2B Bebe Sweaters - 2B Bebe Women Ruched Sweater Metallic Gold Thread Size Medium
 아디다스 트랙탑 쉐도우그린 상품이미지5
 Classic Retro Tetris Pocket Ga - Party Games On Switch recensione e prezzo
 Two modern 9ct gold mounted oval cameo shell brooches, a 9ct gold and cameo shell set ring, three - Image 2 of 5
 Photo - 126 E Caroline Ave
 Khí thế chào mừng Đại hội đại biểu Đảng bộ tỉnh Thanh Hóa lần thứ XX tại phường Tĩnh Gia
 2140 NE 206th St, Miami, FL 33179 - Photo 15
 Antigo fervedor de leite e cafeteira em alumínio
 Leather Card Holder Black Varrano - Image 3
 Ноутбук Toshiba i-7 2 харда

━━━━━━━━

What you give back should be exactly the lines of the entries above from the one containing "Classic Retro Tetris" to the end, and nothing more.

 Classic Retro Tetris Pocket Ga - Party Games On Switch recensione e prezzo
 Two modern 9ct gold mounted oval cameo shell brooches, a 9ct gold and cameo shell set ring, three - Image 2 of 5
 Photo - 126 E Caroline Ave
 Khí thế chào mừng Đại hội đại biểu Đảng bộ tỉnh Thanh Hóa lần thứ XX tại phường Tĩnh Gia
 2140 NE 206th St, Miami, FL 33179 - Photo 15
 Antigo fervedor de leite e cafeteira em alumínio
 Leather Card Holder Black Varrano - Image 3
 Ноутбук Toshiba i-7 2 харда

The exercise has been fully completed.